Dass die zweite Halbzeit hart werden würde, war den Füchsinnen bewusst. Laura und Haylie hatten schon 50+ Minuten bei der FU16 gespielt und auch das knappe FU14 Kader an diesem Tag (4 Absenzen) liess nicht viele Pausen für diese beiden Spielerinnen zu. Erste Ermüdungserscheinungen waren schon zum Ende der ersten Hälfte zu sehen, nachlassende Konzentration und vermehrte Fehleranfälligkeit waren die logischen Konsequenzen. Weiterkämpfen und durchbeissen war angesagt um hier in Goldau ein Erfolgserlebnis zu buchen.
Die zweite Spielhälfte war sehr gut, solange die Luft bei den Führungsspielerinnen reichte. Auch wenn mit Clara nun eine weitere Spielerin den «Knopf» aufgemacht hat, fehlen uns für die Entlastung der «Erfahrenen» im Moment schlicht das Personal mit der notwendigen Erfahrung. Die FU14 hat hervorragende Zukunftsaussichten, sind doch die allermeisten Spielerinnen noch 2 oder mehr Saisons dabei, gleichzeitig sind die körperlichen Unterschiede in diesem Alterssegment schon beträchtlich und es macht einen Unterschied, ob man mit 2 Spielerinnen mit Jahrgang 2009 antreten kann oder mit 6 wie die Mythen-Shooters am Samstag oder mit 12 wie die SG Emmen eine Woche davor.
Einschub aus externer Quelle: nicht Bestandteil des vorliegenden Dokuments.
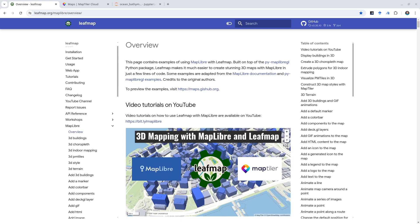Hello, welcome to MapLibre tutorial number 13. In this video, I'm going to show you how to construct a basemap for ocean bathymetry.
Nach 45 Minuten waren die Akkus endgültig leer - die notwendigen Wege wurden sowohl im Angriff wie auch in der Verteidigung nicht mehr gelaufen. Im Angriff zeigt sich dies deutlich durch einen Blick auf den Spielverlauf, von den 30 Toren, welche Laura und Haylie zusammen geworfen haben, fielen 27 in den ersten 45 Minuten. In den letzten 10 Minuten ging gerade noch ein Tor auf das Konto dieser beiden. Statt diese schmerzhaften Meter zu gehen, wurden nun vermehrt Alibi-Pässe gespielt, welche Beute der Gegnerinnen wurden und Mal für Mal in Gegenstoss-Tore umgemünzt wurden - so kam es, wie es kommen musste. In der 52. Minuten gelang der HSG Mythen-Shooters der Ausgleich zum 37:37 und kurz darauf lag das Heimteam zum ersten Mal vorne. Für die Fricker Tore in den Schlussminuten mussten Andere sorgen, Clara und Sofia sprangen da in die Presche und konnten uns zumindest den einen Punkt sichern … der Punkt, welcher auch hätte in doppelter Ausführung nach Frick reisen können, wenn das Spiel nur 1 Sekunde länger gedauert hätte. Den unmittelbar nach dem Schlusspfiff lag der Ball nochmals im Tor des Heimteams ohne dass dieser Treffer Anerkennung durch den Schiedsrichter erlangt hätte.
Auf dem Platz gab es Tränen der Enttäuschung auf Fricker Seite – diesmal waren wir dem ersten Sieg in der Interklasse wirklich sehr, sehr nahe und angesichts der Umstände (Abwesenheiten, vorherige Belastung für Schlüsselspieler), wäre ein Sieg noch viel höher zu gewichten gewesen. Aber Enttäuschung wich schnell der Vorfreude, dass am Spaghetti-Plausch ein Gegner in Frick sein wird, den wir schlagen könnten und werden. Zudem wartet am nächsten Samstag im ersten Heimspiel der Saison ein Gegner auf uns, der gegen die HSG Mythen-Shooters verloren hat, dies lässt uns mit Zuversicht in die nächste Woche gehen.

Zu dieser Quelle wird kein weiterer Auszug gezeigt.